By Mass Communication Specialist 2nd Class Matthew R. Cole, USS McCampbell Public Affairs
EAST CHINA SEA – In order to maintain efficiency during deployments, the deck division aboard Arleigh Burke-class guided-missile destroyer USS McCampbell (DDG 85) trains to maintain shipboard readiness.
Each member of the deck division is tasked with supporting the routine operations by participating in training exercises that help improve Sailors’ skills and awareness of the potential hazards surrounding them.
In addition to multiple watches each Sailor stands, the deck division is responsible for a wide variety of unique tasks. This includes anchoring and mooring the ship, taking on fuel and cargo during underway replenishments, supervising flight deck operations and vertical replenishments, taking on passengers, and helicopter in-flight refueling. Each task requires particular training and procedures to be successfully completed.

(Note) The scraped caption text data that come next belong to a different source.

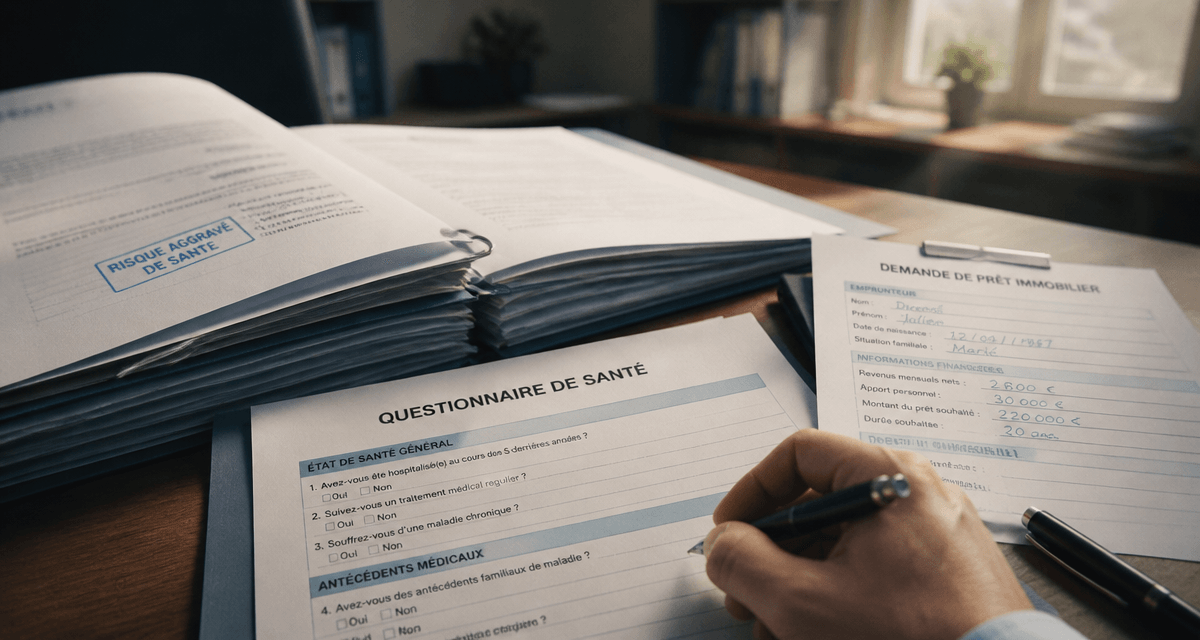 assurance prêt risques aggravés santé dossier
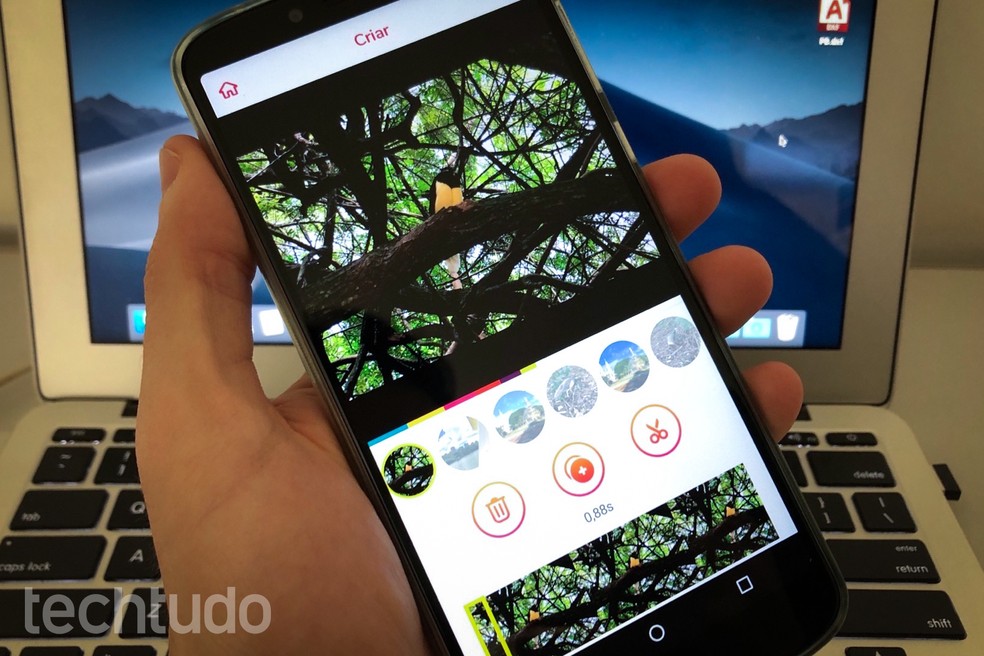 Lomotif: como fazer efeito zoom no app — Foto: Helito Beggiora/TechTudo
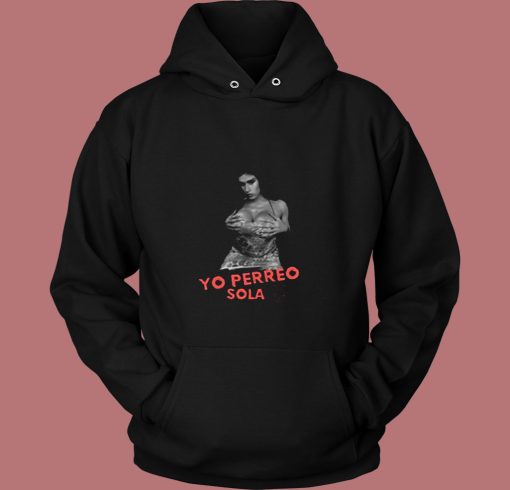 Vintage Bad Bunny Yo Perreo Sola 80s Hoodie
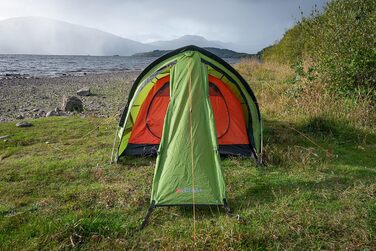 Намет Vango Hydra 200 для 2 осіб: легкий, туристичний, кемпінговий, водонепроникний (5000 мм), з алюмінієвими дугами, колір Pine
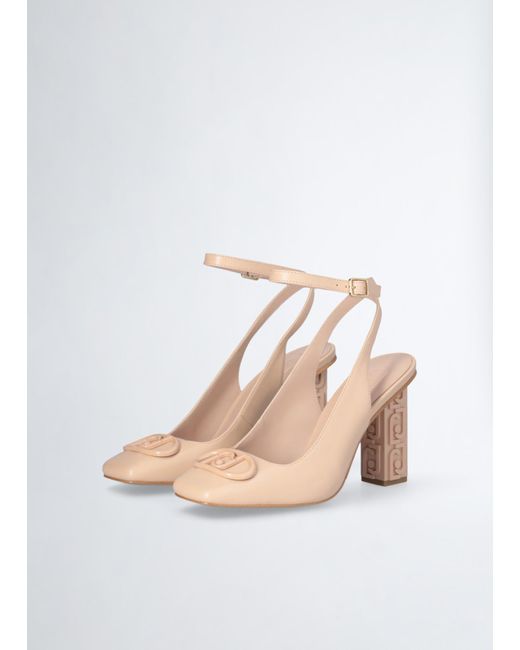 Liu Jo Slingback Con Tacco Logato di Liu Jo in Black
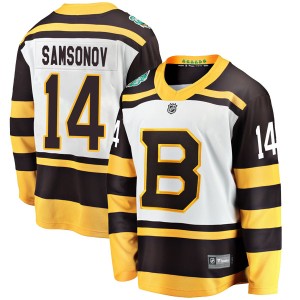 Men's Boston Bruins Sergei Samsonov Fanatics Branded 2019 Winter Classic Breakaway Jersey - White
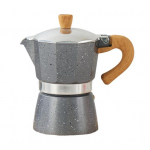Moka Pot espressomasin 150 ml kerge pliidikohvimasin, mida on lihtne kasutada Itaalia kohvipruulimiseks rikkaliku espresso latte cappuccino jaoks 150ML hall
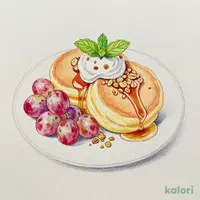 シャインマスカットのパンケーキ ハーフ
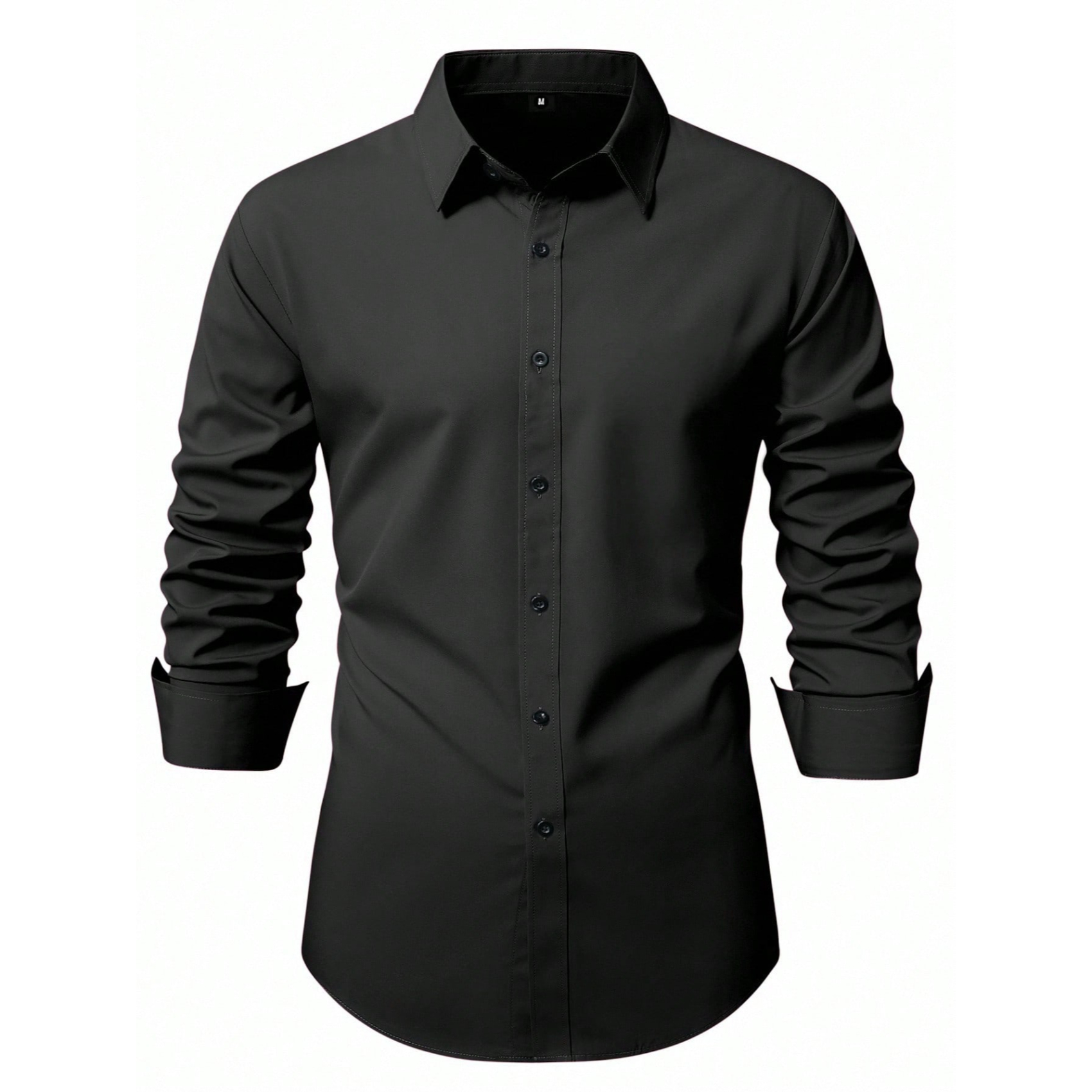 Long Sleeve Casual Shirt With Button Front For Men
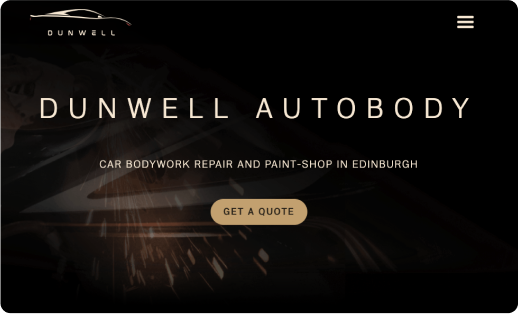 Layout of the new re-designed website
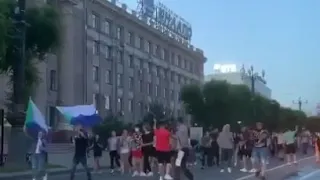 Митинг в Хабаровске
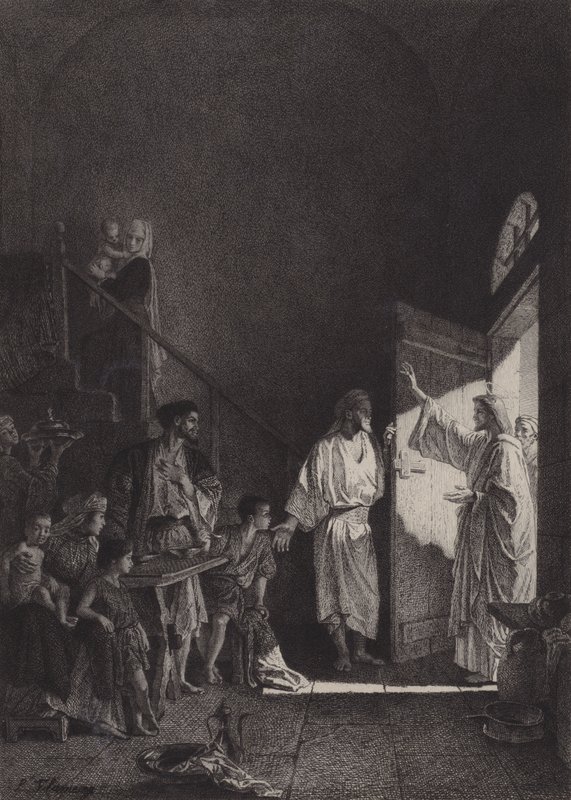 Paix à cette maison - after Albert Robida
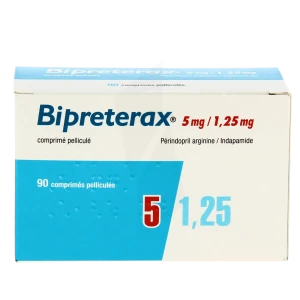 Bipreterax 5 Mg/1,25 Mg, Comprimé Pelliculé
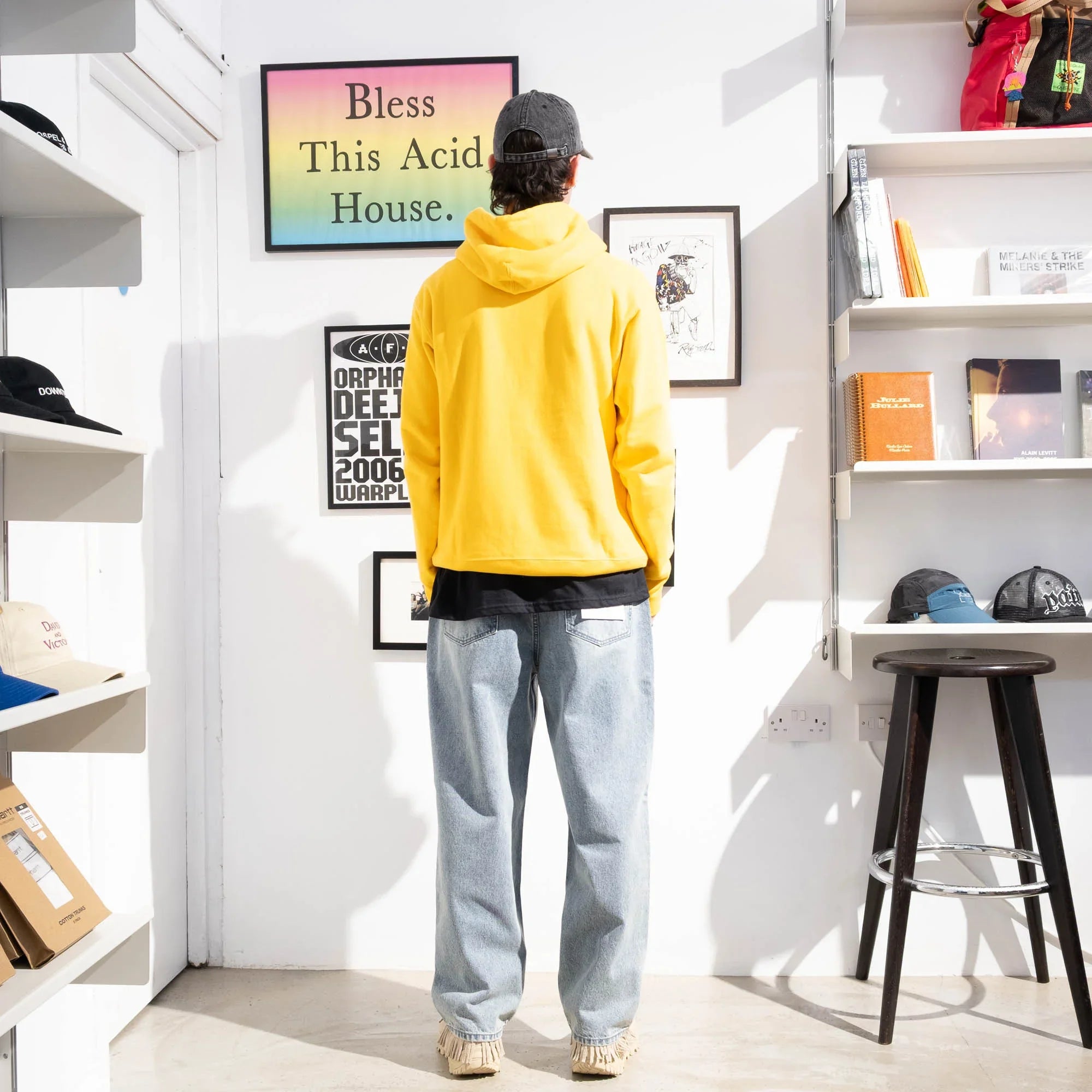 Brain Dead x Brooks Brothers Logo Hoodie - Yellow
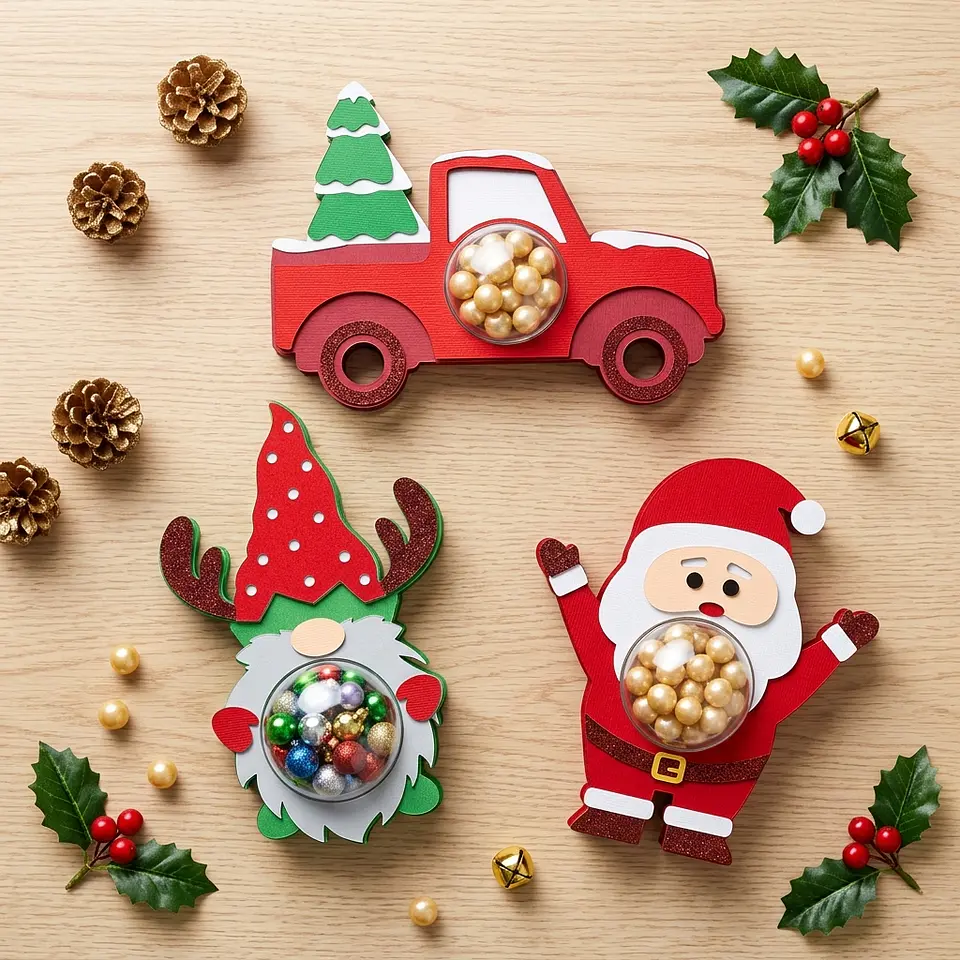 Arquivo de Corte Candy Dome Blister Natal 5 1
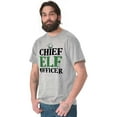thumbnail image 4 of Xmas Chief Elf Officer Santa Helper Men's Graphic T Shirt Tees Brisco Brands X, 4 of 4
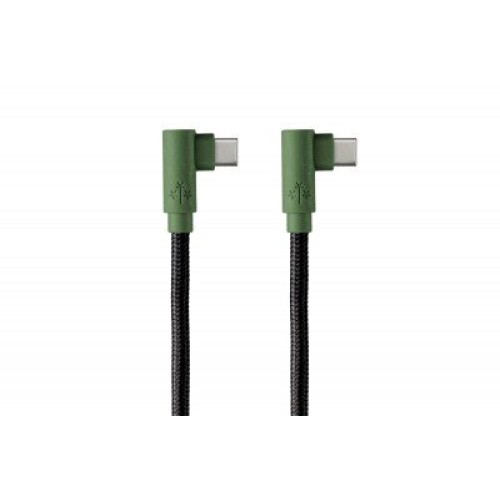 Cable USB-C Hune Hiedra 1.2 metros Verde Carga Rápida Modelo AT-ACC-CA-353-BOS
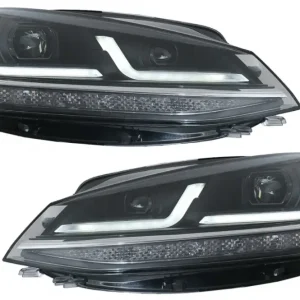 Disponibil imediat Faruri Full LED Osram pentru VW Golf 7.5 Facelift (2017-2020) cu semnal dinamic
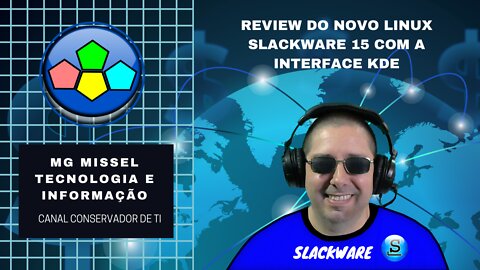 REVIEW DO NOVO LINUX SLACKWARE 15 INTERFACE KDE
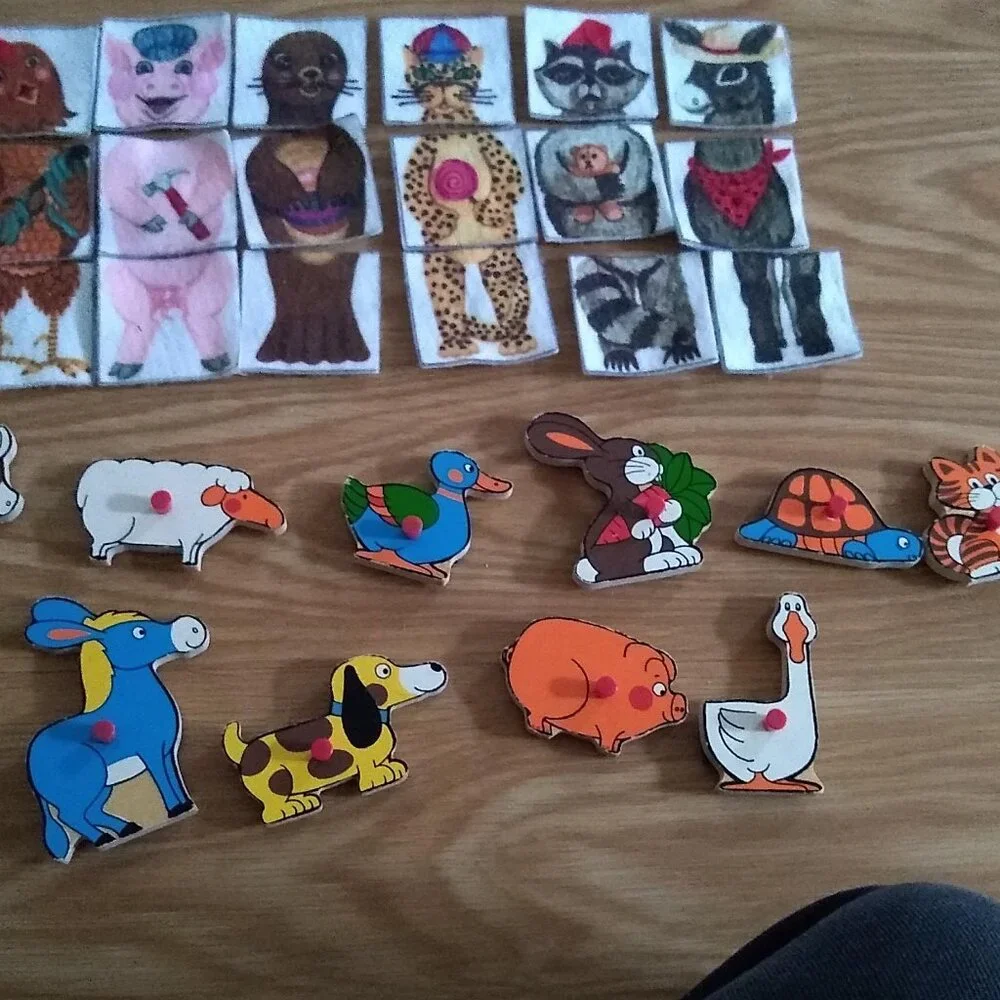 Magnetic Felt sorting matching animals used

“Everything depends on the evolution. If we are doing a vertical replenishment, then we are probably going to get supplies to the ship. To prepare, we conduct our safety walk through, then we proceed with a foreign object debris walk down. When we can we will train our new people for each situation a couple of days in advance,” said Senior Chief (SW) Boatswain’s Mate Junior Ashwood. “This way, everyone will be on the same page, and if I need to have people switch out, we will be prepared no matter the situation. These Sailors are eager to learn and we are making sure we are trained up to run an efficient ship - easy day.”
The high and diverse workload that depends on the deck division makes it critical for each of its 20 Sailors to participate in the numerous evolutions, inspections and work ups.
“The division has it’s hands full, it’s even in charge of the operation small boats, so we get to drive the ridged hull inflatable boats; I even get to drive the ship,” said Boatswain’s Mate Seaman Camille Rowe, deck division’s leading seaman. “We do a few hard checks before we get underway for things like safety jackets and Mark 1s, and we do all the maintenance on every replenishment station, making sure we are ready to go. Since we are responsible for the ship getting underway, we basically have a hand in every evolution.”
Preparation and safety is paramount during any operation, training or otherwise. In the deck division, knowing how to do your job is important - but assuring the safety of the people you work beside is crucial.
“Our deck team works pretty well together and we are able to knock jobs out, but we have to set up for each job making sure we conduct a safe evolution,” said Seaman Apprentice Corey McQueen. “We have to know each other’s strengths and use that to know who we need and where. We make sure not only our equipment is safe to use, but also the gear everyone could use in an emergency, like life rings for a man overboard. Not to mention we can’t do our job if we aren’t safe - we have little room for error.”
Each Sailor plays a vital role in supporting mission readiness and the continuing operation of McCampbell. The time spent training for each job aids in the proficiency of the deck team working together, leaving only one challenge that is difficult to face.
“We have Sailors from all parts of the world and different cultures, and they all bring something amazing to the table. To experience that on a day-to-day basis, and have the opportunity to make them a better Sailor, I can’t think of anything better. The hardest part of my job is transferring Sailors. When we get a Sailor and work side-by-side together, camaraderie is built. Sometimes they get orders or a rating and go off to school, and it’s hard letting good Sailors go. I am extremely proud of my Sailors and the work they do,” said Ashwood.
McCampbell is assigned to Commander, Destroyer Squadron 15 and forward deployed to Yokosuka, Japan, and is currently on patrol in the 7th Fleet area of operations.